START MATERIAL TO PROCESS

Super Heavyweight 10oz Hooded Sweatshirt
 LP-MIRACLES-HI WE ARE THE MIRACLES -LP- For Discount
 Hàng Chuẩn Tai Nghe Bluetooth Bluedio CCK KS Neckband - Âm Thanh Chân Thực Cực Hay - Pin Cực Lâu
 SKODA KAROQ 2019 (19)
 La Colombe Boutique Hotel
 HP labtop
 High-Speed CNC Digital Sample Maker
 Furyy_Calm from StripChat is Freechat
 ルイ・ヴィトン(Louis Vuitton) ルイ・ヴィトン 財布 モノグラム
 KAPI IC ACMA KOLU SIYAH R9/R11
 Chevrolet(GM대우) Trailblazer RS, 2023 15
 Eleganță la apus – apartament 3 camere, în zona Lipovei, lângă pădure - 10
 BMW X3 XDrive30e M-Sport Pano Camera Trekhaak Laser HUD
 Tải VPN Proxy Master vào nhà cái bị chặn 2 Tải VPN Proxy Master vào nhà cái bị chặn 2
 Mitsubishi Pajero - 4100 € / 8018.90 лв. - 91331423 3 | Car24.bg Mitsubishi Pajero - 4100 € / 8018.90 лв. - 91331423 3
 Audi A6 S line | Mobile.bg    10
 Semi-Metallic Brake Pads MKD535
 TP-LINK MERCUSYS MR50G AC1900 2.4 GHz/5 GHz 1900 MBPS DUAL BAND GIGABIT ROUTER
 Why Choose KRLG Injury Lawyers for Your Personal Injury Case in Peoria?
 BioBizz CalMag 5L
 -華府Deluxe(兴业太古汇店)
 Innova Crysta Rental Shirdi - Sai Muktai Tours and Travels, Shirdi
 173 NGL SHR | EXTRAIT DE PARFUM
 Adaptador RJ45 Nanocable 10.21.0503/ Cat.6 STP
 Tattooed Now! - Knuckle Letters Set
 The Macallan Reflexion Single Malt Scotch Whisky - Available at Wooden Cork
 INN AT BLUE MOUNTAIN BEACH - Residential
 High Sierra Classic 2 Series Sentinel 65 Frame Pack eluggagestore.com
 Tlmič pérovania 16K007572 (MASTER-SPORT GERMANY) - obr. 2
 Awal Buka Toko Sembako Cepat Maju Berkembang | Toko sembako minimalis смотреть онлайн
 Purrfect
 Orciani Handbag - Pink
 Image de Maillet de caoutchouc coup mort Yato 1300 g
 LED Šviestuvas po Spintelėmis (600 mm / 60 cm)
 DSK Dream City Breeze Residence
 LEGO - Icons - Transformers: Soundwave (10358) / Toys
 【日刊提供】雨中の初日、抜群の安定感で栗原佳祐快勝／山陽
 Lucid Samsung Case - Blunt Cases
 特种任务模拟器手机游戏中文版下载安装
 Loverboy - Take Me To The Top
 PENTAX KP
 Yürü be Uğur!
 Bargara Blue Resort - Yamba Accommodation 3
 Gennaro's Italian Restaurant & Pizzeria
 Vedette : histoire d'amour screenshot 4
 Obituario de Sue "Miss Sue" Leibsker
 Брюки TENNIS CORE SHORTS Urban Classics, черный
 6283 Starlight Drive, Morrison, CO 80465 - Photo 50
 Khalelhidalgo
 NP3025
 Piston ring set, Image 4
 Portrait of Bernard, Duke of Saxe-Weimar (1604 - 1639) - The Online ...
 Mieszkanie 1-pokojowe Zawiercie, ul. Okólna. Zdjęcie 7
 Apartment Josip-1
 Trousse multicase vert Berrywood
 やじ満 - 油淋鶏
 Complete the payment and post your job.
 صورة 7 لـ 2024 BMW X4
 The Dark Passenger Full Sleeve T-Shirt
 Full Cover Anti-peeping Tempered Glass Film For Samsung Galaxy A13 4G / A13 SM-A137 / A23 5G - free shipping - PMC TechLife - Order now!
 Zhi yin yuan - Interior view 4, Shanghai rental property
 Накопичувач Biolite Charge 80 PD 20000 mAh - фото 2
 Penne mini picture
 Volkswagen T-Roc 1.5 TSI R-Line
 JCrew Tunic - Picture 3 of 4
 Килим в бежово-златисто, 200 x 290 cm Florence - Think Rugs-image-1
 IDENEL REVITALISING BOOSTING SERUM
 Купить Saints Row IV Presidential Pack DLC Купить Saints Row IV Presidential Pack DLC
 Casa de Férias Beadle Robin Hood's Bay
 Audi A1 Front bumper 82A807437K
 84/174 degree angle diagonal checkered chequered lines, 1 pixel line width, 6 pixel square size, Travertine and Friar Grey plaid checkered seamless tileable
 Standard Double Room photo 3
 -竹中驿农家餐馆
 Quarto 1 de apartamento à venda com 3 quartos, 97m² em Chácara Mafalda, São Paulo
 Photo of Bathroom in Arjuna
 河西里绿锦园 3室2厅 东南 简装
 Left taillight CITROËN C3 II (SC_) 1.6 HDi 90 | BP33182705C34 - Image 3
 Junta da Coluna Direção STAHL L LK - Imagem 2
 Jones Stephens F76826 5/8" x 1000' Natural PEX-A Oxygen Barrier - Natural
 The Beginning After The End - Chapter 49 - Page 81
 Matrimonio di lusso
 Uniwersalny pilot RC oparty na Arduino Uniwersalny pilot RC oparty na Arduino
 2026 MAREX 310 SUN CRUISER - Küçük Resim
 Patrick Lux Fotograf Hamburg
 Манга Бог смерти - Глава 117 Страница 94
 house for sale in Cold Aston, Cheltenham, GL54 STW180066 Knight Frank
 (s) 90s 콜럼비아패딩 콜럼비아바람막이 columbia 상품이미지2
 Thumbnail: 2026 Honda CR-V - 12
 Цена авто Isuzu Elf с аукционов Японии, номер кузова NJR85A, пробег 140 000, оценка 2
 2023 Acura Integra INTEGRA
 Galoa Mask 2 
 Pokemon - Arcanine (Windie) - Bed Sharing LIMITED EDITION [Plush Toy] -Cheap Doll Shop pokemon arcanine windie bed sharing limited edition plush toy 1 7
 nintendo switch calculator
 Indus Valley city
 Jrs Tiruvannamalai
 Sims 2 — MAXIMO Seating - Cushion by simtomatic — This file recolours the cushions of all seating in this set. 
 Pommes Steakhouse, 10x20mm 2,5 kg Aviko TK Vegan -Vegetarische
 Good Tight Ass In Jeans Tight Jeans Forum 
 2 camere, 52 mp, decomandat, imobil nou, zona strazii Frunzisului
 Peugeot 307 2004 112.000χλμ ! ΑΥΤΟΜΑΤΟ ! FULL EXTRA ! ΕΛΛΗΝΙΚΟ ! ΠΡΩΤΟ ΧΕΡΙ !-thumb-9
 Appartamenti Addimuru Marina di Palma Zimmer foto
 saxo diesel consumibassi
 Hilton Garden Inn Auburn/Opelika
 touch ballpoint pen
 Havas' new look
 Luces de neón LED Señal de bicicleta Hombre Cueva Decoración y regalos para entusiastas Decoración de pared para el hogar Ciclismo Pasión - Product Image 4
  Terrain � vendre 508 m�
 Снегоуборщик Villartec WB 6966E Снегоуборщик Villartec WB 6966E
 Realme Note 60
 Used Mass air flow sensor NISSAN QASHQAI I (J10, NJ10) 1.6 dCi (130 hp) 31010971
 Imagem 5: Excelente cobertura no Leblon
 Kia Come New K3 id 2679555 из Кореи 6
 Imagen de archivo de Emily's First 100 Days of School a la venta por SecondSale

END MATERIAL TO PROCESS

__TASK REQUIREMENTS__
Above are the records; from them, give again exactly the lines from the one containing "Innova Crysta Rental" through the one containing "Lucid Samsung Case - Blunt Cases", both included.

__EXERCISE SOLUTION__
 Innova Crysta Rental Shirdi - Sai Muktai Tours and Travels, Shirdi
 173 NGL SHR | EXTRAIT DE PARFUM
 Adaptador RJ45 Nanocable 10.21.0503/ Cat.6 STP
 Tattooed Now! - Knuckle Letters Set
 The Macallan Reflexion Single Malt Scotch Whisky - Available at Wooden Cork
 INN AT BLUE MOUNTAIN BEACH - Residential
 High Sierra Classic 2 Series Sentinel 65 Frame Pack eluggagestore.com
 Tlmič pérovania 16K007572 (MASTER-SPORT GERMANY) - obr. 2
 Awal Buka Toko Sembako Cepat Maju Berkembang | Toko sembako minimalis смотреть онлайн
 Purrfect
 Orciani Handbag - Pink
 Image de Maillet de caoutchouc coup mort Yato 1300 g
 LED Šviestuvas po Spintelėmis (600 mm / 60 cm)
 DSK Dream City Breeze Residence
 LEGO - Icons - Transformers: Soundwave (10358) / Toys
 【日刊提供】雨中の初日、抜群の安定感で栗原佳祐快勝／山陽
 Lucid Samsung Case - Blunt Cases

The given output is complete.